__EXERCISE PROMPT__: Don't include pictures. Quote the lines below from the first through the line that contains "iPhone 3GS 8g no cracks, works great.".
── SUPPLIED RECORDS
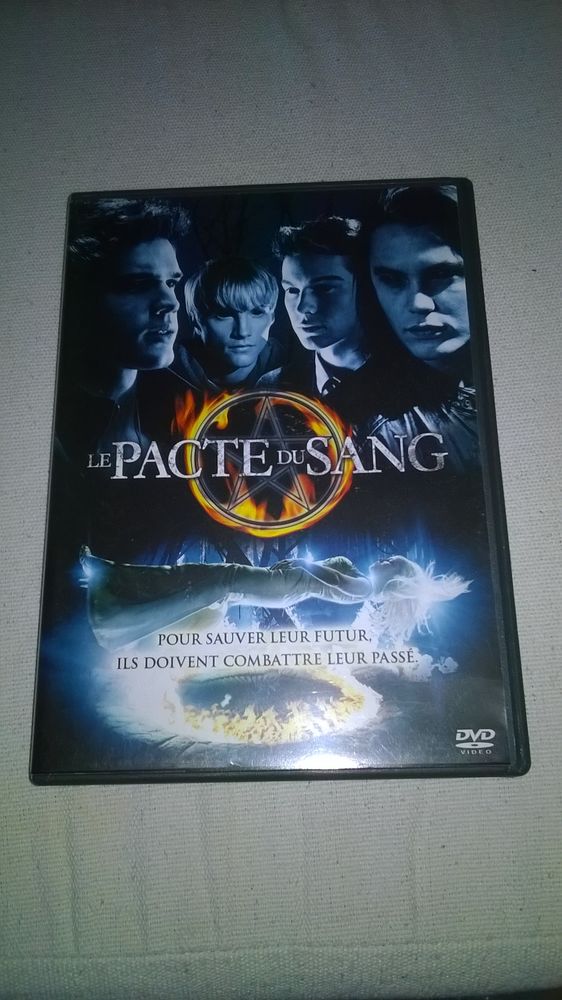 DVD Le Pacte du Sang
Taylor Kitsch
2006
Excellent etat
E 5 Talange (57)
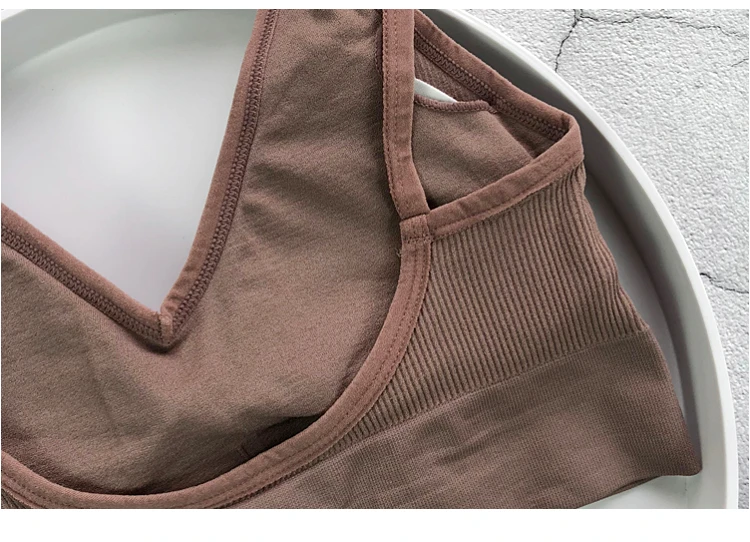 New women's underwear without steel ring thin section gathered bra tube top student simple solid color thread beauty back linger 
New women's underwear without steel ring thin section gathered bra tube top student simple solid color thread beauty back linger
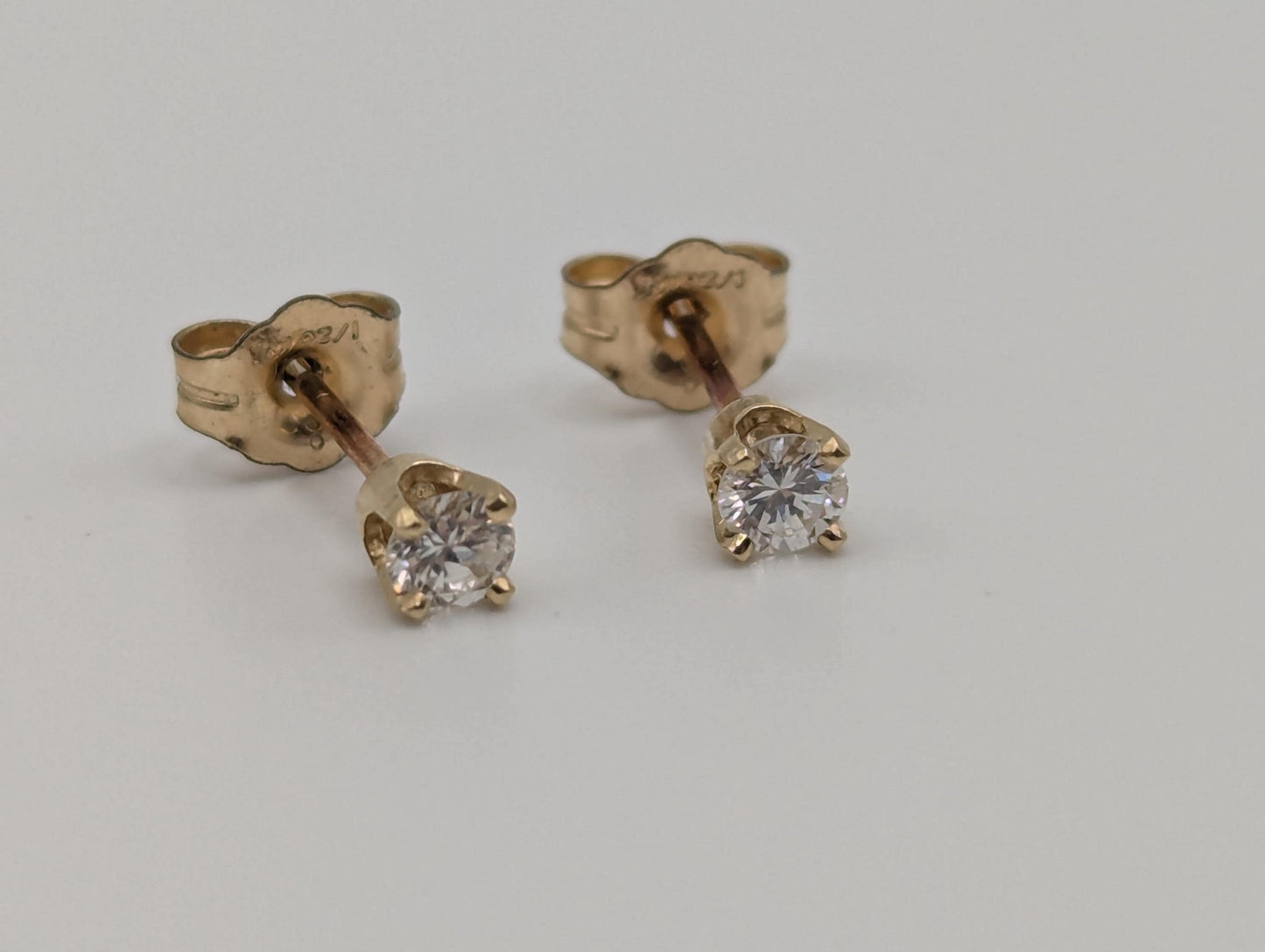 14K Yellow Gold .25ctw Diamond Stud Earrings Studs Minimalist Studs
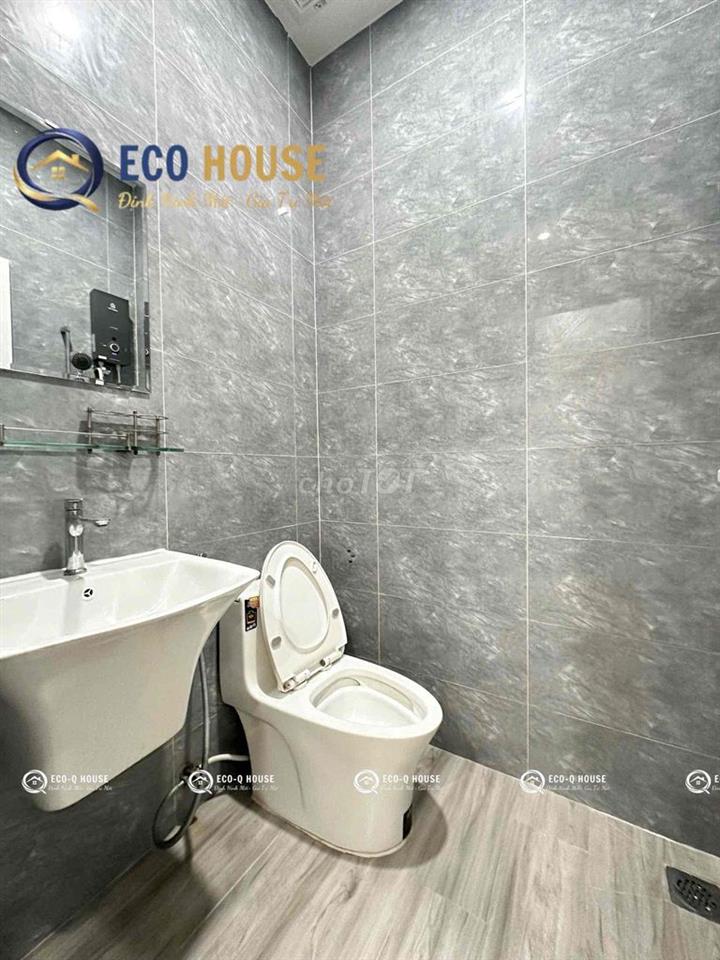 KHAI TRƯƠNG STUDIO GIÁ HẠT DẺ FULL NỘI THẤT BÓC SEAL CÓ THANG MÁY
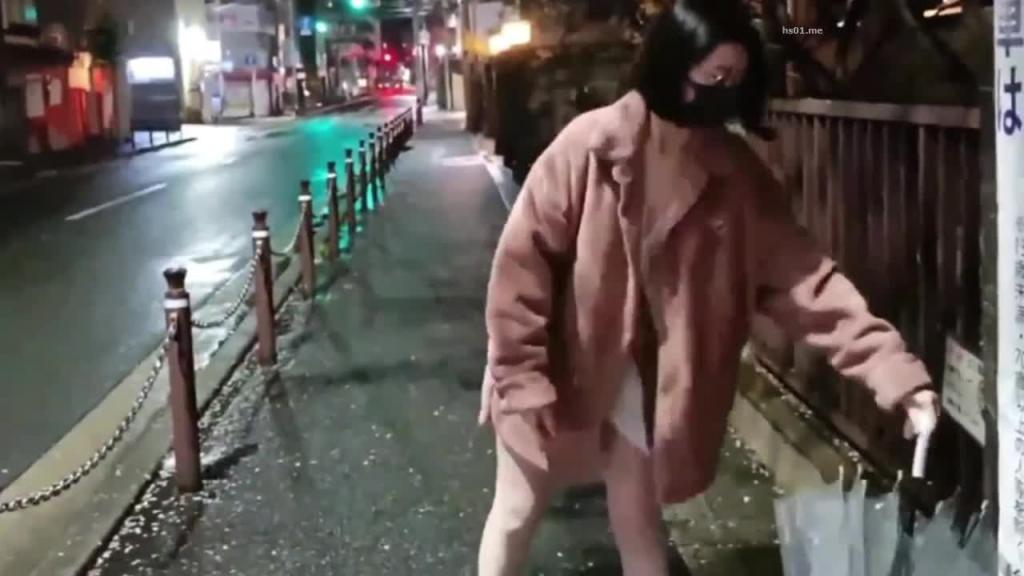 反差骚妻变成精液马桶,接到露出肛塞三通 预览截图 2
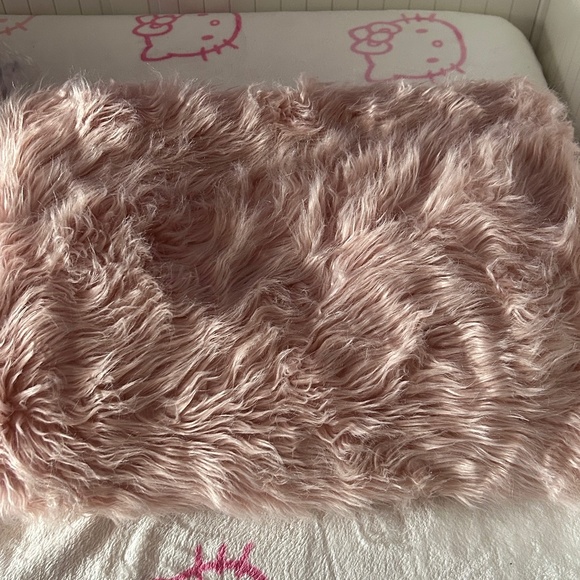 FREE SHIPPING Pink Faux Fur Throw Blanket - Picture 1 of 4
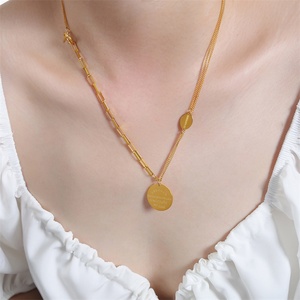 Collar de la Reina Isabel, Joyería con Doble Cadena y Grabado Redondo - Product Image 3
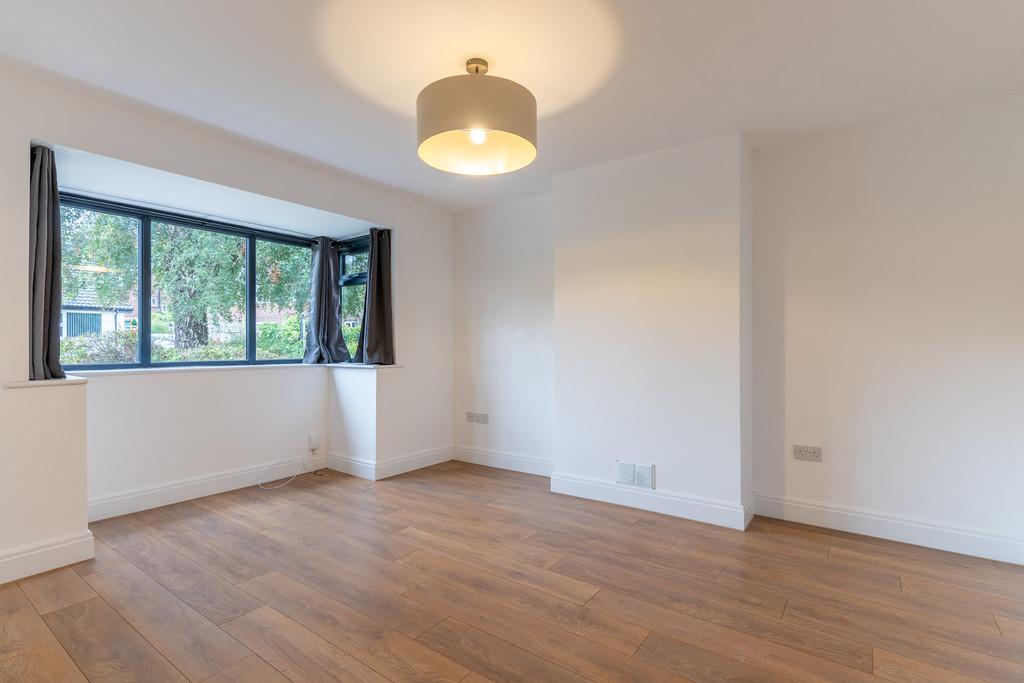 11 Manor Crescent-2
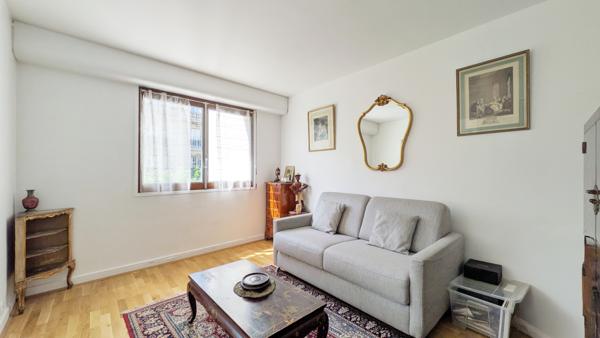 Appartement
         3 pièces
        - 65 m² Exclusivité 600 000 € *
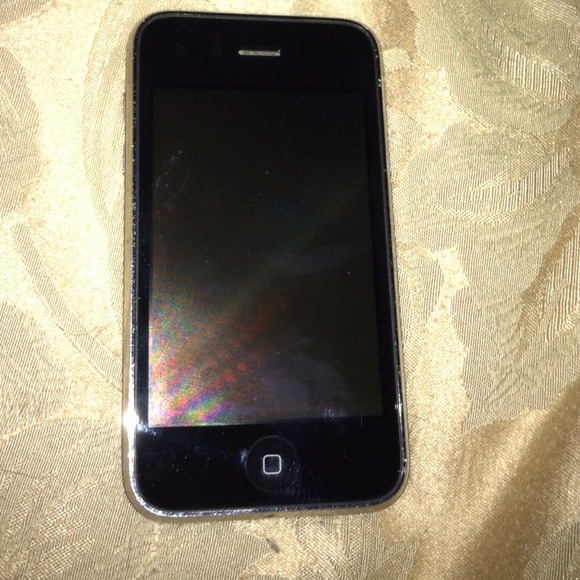 iPhone 3GS 8g no cracks, works great.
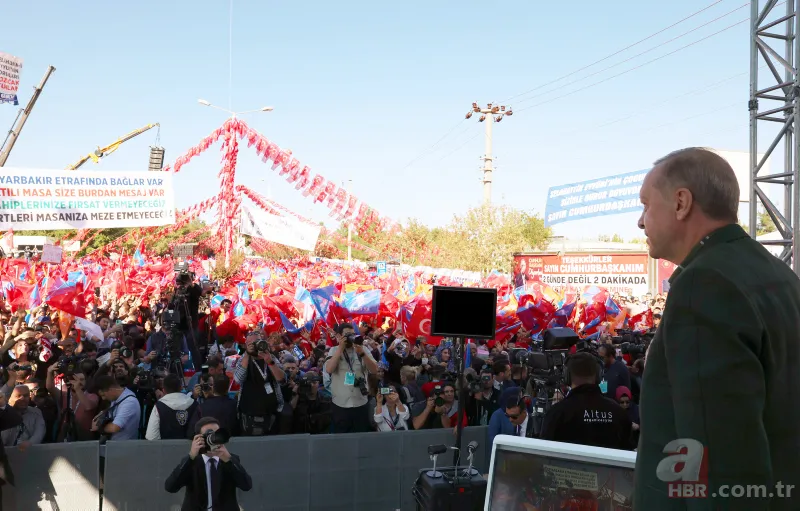 Başkan Recep Tayyip Erdoğan Diyarbakır'da! Diyarbakır'dan 6'lı masaya pankartlı gönderme 13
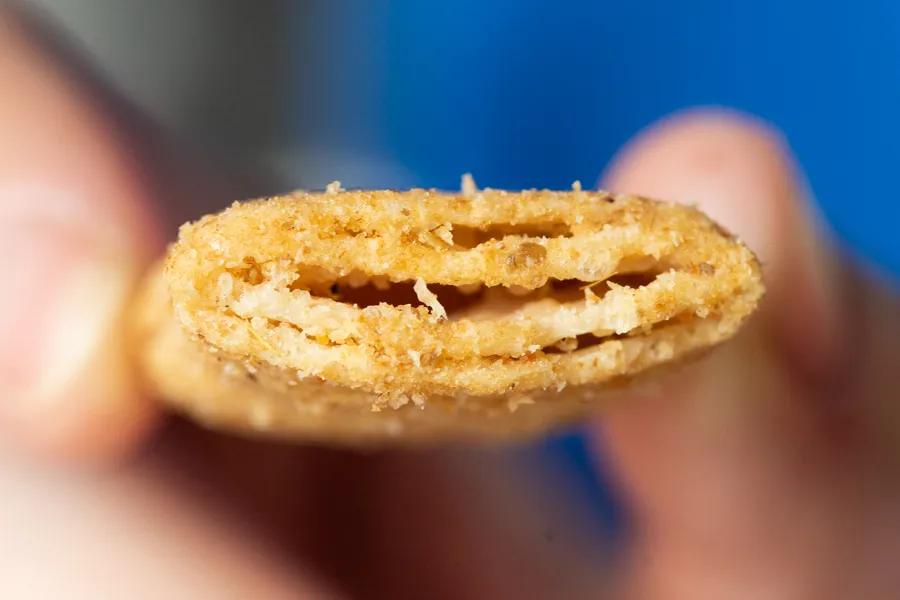 在李佳琪直播间买零食，是个划算的选择吗？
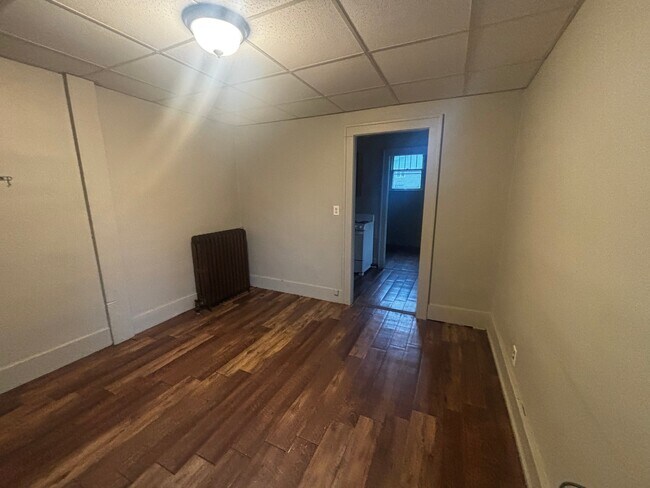 Building Photo - 501 S Walts Ave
────
__ANSWER TO THIS PROBLEM__:
 DVD Le Pacte du Sang
Taylor Kitsch
2006
Excellent etat
E 5 Talange (57)
 New women's underwear without steel ring thin section gathered bra tube top student simple solid color thread beauty back linger 
New women's underwear without steel ring thin section gathered bra tube top student simple solid color thread beauty back linger
 14K Yellow Gold .25ctw Diamond Stud Earrings Studs Minimalist Studs
 KHAI TRƯƠNG STUDIO GIÁ HẠT DẺ FULL NỘI THẤT BÓC SEAL CÓ THANG MÁY
 反差骚妻变成精液马桶,接到露出肛塞三通 预览截图 2
 FREE SHIPPING Pink Faux Fur Throw Blanket - Picture 1 of 4
 Collar de la Reina Isabel, Joyería con Doble Cadena y Grabado Redondo - Product Image 3
 11 Manor Crescent-2
 Appartement
         3 pièces
        - 65 m² Exclusivité 600 000 € *
 iPhone 3GS 8g no cracks, works great.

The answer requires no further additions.